Lighten up. You'll feel way better.
"I never saw a wild thing sorry for itself. A bird will fall frozen dead from a bough without ever having felt sorry for itself." D. H. Lawrence
Her: WW/57 Me: BS/63 24yrs M
3 great kids, now 22, 20, 17 b,b,g
D-Day 8/14/08, D 1/13/11
Williesmom ( member #22870) posted at 9:50 PM on Saturday, April 19th, 2014
I made a list of the major stuff, with who I thought should get it.
Then we sat down and discussed the list.
The little shit didn't matter, so I kept it unless he specifically asked for it.

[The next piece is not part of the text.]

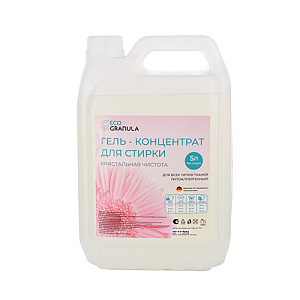 Гель для стирки ECOGRANULA 5л прозрачный, цветочный аромат, 1/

You can stuff your sorries in a sack, mister. -George Costanza
There is a special place in hell for women who don't help other women. - Madeleine Albright
DepressedDaddy ( member #41521) posted at 10:02 PM on Saturday, April 19th, 2014
Right now we are pretty amicable, so we are just going through each room and seeing what each other wants. We really haven't come across too much disagreement yet. If it was hers prior to our marriage (or a family item), she keeps it and same with me. We were together for 16 years, so there are not too many of those items left, just a few family heirlooms. I actually am okay with giving up some more items in the house, because if I can replace them afterwards, it will help with me and my transition. When I see some of our furniture and other items, I remember where we were when we got them and why we got them, etc. Starting with some new things (or new hand-me-downs) I think will help with the transition of no longer being married.
Since D I have become DDaddy 2.0 - or better known as DevotedDaddy
“Optimism is a strategy for making a better future. Because unless you believe that the future can be better, you are unlikely to step up and take responsibility for making it so."